I think his argument is that the models initially needed lots of data to verify and validate their current operation. Subsequent advances may have allowed those models to be created cleanly, but those advances relied on tainted data, thus making the advances themselves tainted.
I’m not sure I agree with that argument. It’s like saying that if you invented a cure for cancer that relied on morally bankrupt means you shouldn’t use that cure. I’d say that there should be a legal process involved against the person who did the illegal acts but once you have discovered something it stands on its own two feet. Perhaps there should be some kind of reparations however given to the people who were abused in that process.

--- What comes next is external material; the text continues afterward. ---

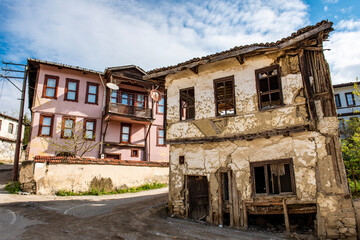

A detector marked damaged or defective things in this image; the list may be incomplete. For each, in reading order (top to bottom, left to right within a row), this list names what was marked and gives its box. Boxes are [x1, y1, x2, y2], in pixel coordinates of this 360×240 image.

broken window [214, 75, 236, 116]
broken window [255, 65, 282, 110]
broken window [250, 158, 296, 196]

I don’t think that’s what they are saying. It’s not that you can’t now, it’s that initially people did need to use a lot of data. Then they found tricks to improve training on less, but these tricks came about after people saw what was possible. Since they initially needed such data, their argument goes, and we wouldn’t have been able to improve upon the techniques if we didn’t know that huge neutral nets trained by lots of data were effective, then subsequent models are tainted by the original sin of requiring all this data.
As I said above, I don’t think that subsequent models are necessarily tainted, but I find it hard to argue with the fact that the original models did use data they shouldn’t have and that without it we wouldn’t be where we are today. Which seems unfair to the uncompensated humans who produced the data set.